Pink did you crave the chicken? I ate 3 or 4 roast chickens per week with first pg...gave birth almost at due date to a 8 lb 12er.....chicken is good for mass!
The cat saved my life because I was in a terrible abusive relationship, the kind where the man works on the womans self esteem. It was violent sometimes too. Tara gave me something to love that needed me, and was an innocent, I managed to leave him within a fortnight of getting her, after 2 years of his evil ways. She used to nuzzle me when I cried. When I moved out to live with first sons dad, tara stayed at my mums because thats where she was happy, but then she left mums after a couple of years and would come back every few months to 'say hi'. All this time I was having my kids and being a mum and knowing Tara was out there somewhere one day I was walking past mums, and she ran out and told me to pop round in a bit, as I had a visitor.

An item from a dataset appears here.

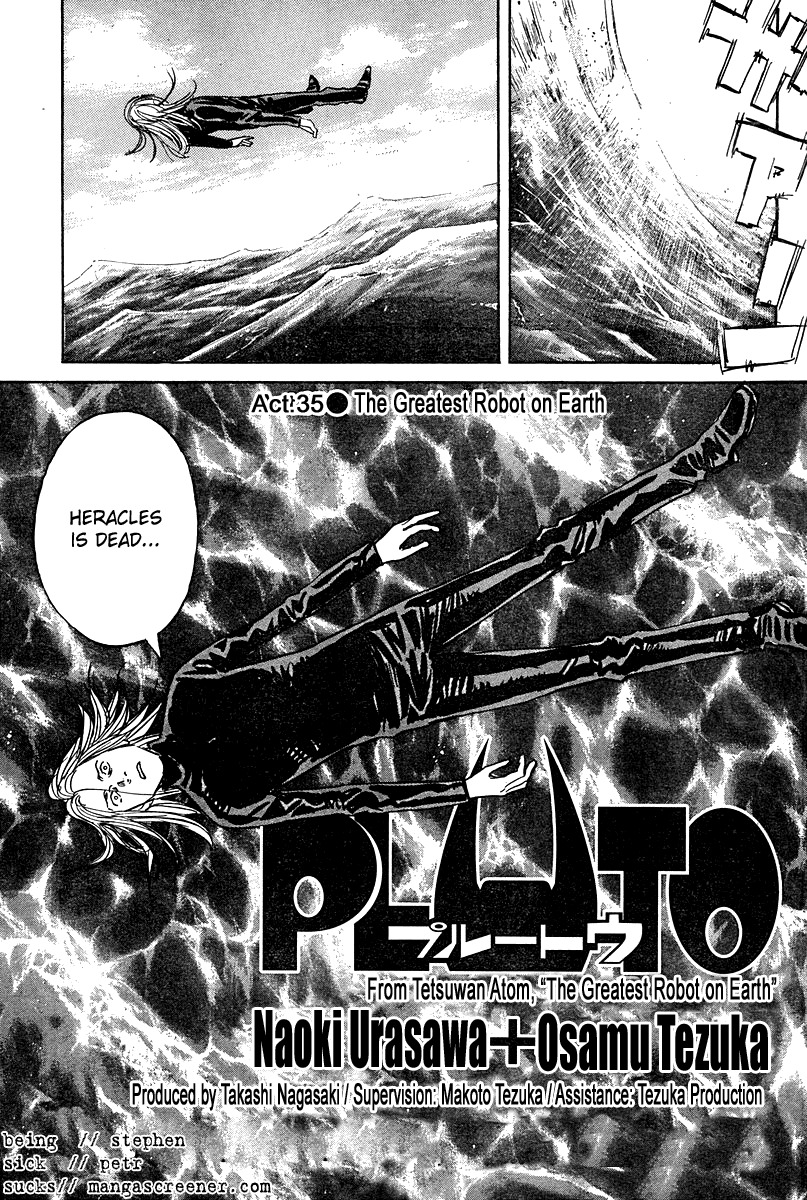 Pluto Chapter 35 page 4 - Chapter 35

It was Tara. so small but with such a healthy coat, she was dying. She had just turned up at my mums on the sunday, mum had told me on the tuesday, wednesday we took her to the vets, and thursday we had to let her go because she had what felt to the vet like widespread tumors, and wasn't eating. To operate would have just made her suffer. I went home before the injection and put on my best and brightest outfit, grabbed a cat teddy and went back and sang her to sleep on that thursday afternoon. I took that teddy home and the only time its left my bedside since was when I took it to hosp for the MMC. On that thursday night a 'lost cat' poster came through the door, we rang them and arranged to go round, they live on the next street to us. Turns out that they thought she was 2 (she was always small) and she had adopted them sometime after leaving my mums. She was happy and fine and one day the sunday morning actually, the woman told me she had been more affectionate and vocal than usual, left, and never come back. My Tara came home to me to say goodbye. I cry when I tell this, I'm sobbing like a mad woman now, but I'm sooooo glad she came home to say goodbye. A cat very worthy of looking after my angel baby. If Tara hadn't have come along and gotten me away from that creep I doubt I would be alive today, the man was a psycho. Tara sleeps by my bed forever and is as comforting now as she ever was, albeit not physically. I miss her but at the same time, she is there.

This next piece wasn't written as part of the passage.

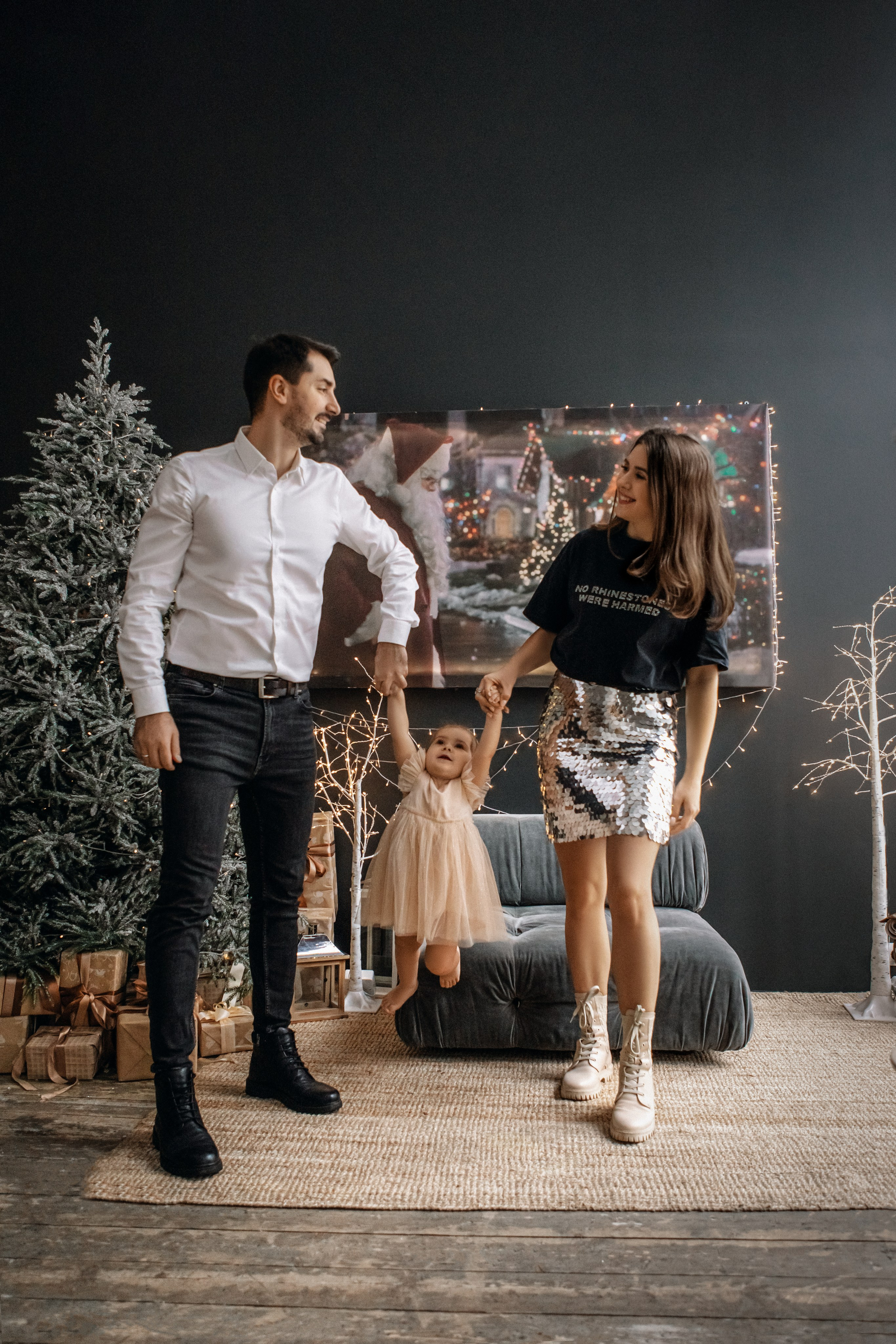 Дарья, Дамир и Аделина. Фотограф в Москве Ольга Сатони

I actually had my first MC while in the abovementioned relationship. Wasn't clinically recognized as I never did a test, but the occurence was just too specific, it was definitely a spontaneous complte MC of around 5/6 weeks. I have mixed feelings about that one because I didn;t know about it til it happened, and the guy was evil. He also had to have meds that can damage fertility, so maybe that was what caused the MC.
I think I'm treading memory lane tonight, even the dark bits.